===== SOURCE INFORMATION =====

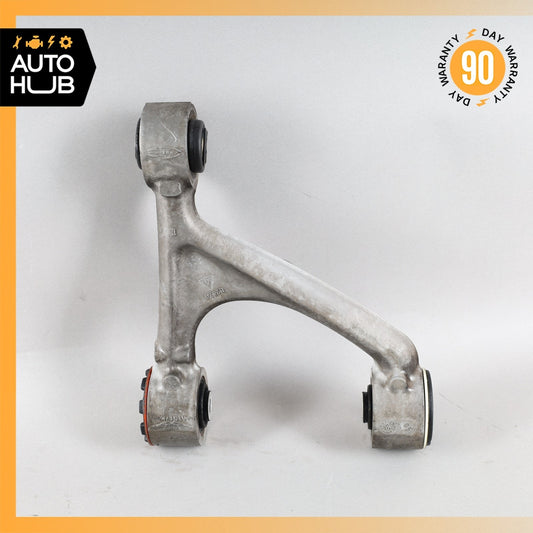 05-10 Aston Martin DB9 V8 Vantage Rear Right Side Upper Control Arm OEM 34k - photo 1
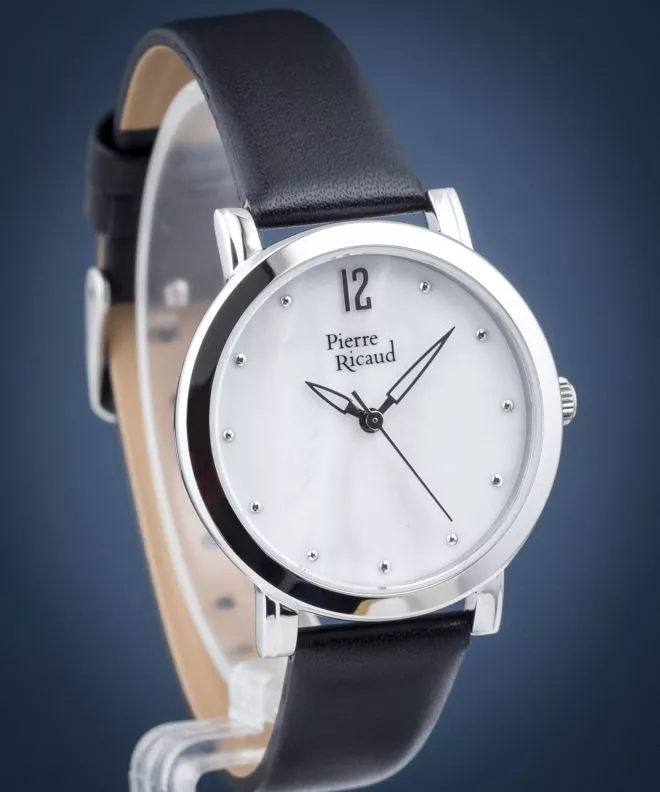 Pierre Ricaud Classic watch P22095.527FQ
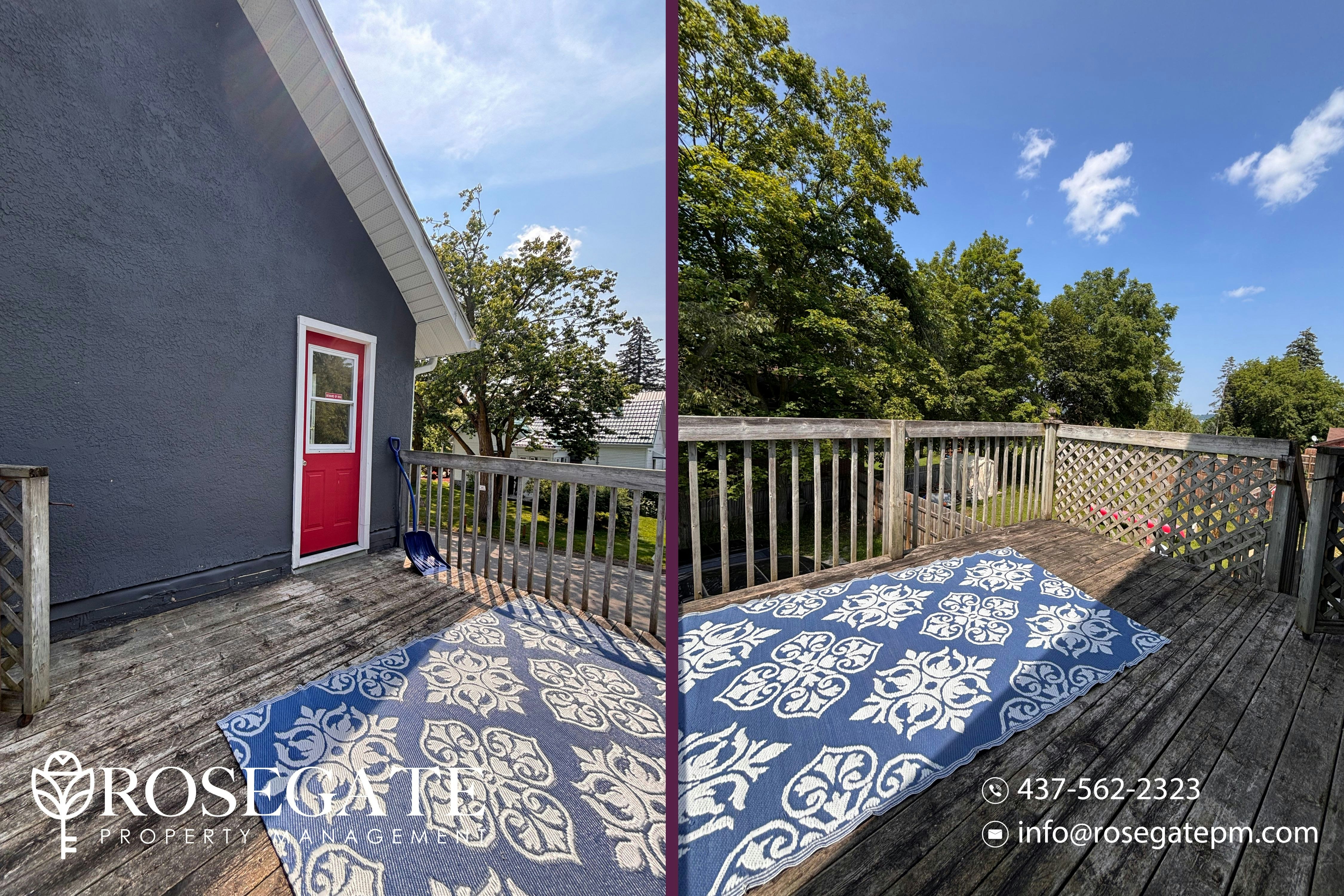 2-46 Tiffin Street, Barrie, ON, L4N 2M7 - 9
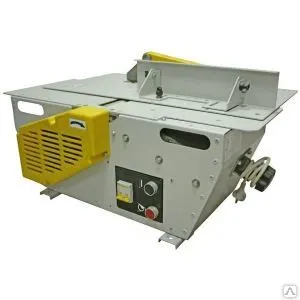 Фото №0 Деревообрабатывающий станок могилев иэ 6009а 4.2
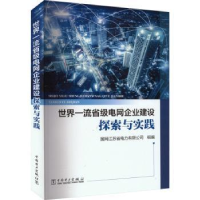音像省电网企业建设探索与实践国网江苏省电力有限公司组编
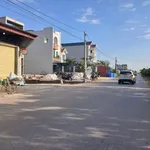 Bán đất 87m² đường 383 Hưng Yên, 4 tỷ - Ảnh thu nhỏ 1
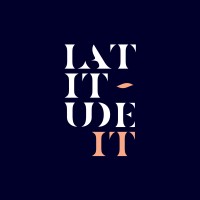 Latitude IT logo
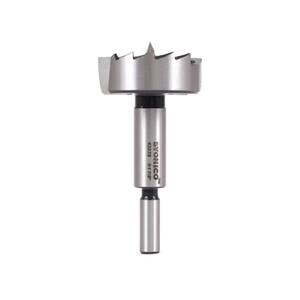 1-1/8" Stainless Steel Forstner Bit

=====

**INSTRUCTIONS TO FOLLOW**
Retype, word for word, the lines from the one with "Pierre Ricaud Classic watch P22095.527FQ" through the last line of the entries above, and only those lines. Leave pictures out.

**ANSWER SPACE**
 Pierre Ricaud Classic watch P22095.527FQ
 2-46 Tiffin Street, Barrie, ON, L4N 2M7 - 9
 Фото №0 Деревообрабатывающий станок могилев иэ 6009а 4.2
音像省电网企业建设探索与实践国网江苏省电力有限公司组编
 Bán đất 87m² đường 383 Hưng Yên, 4 tỷ - Ảnh thu nhỏ 1
 Latitude IT logo
 1-1/8" Stainless Steel Forstner Bit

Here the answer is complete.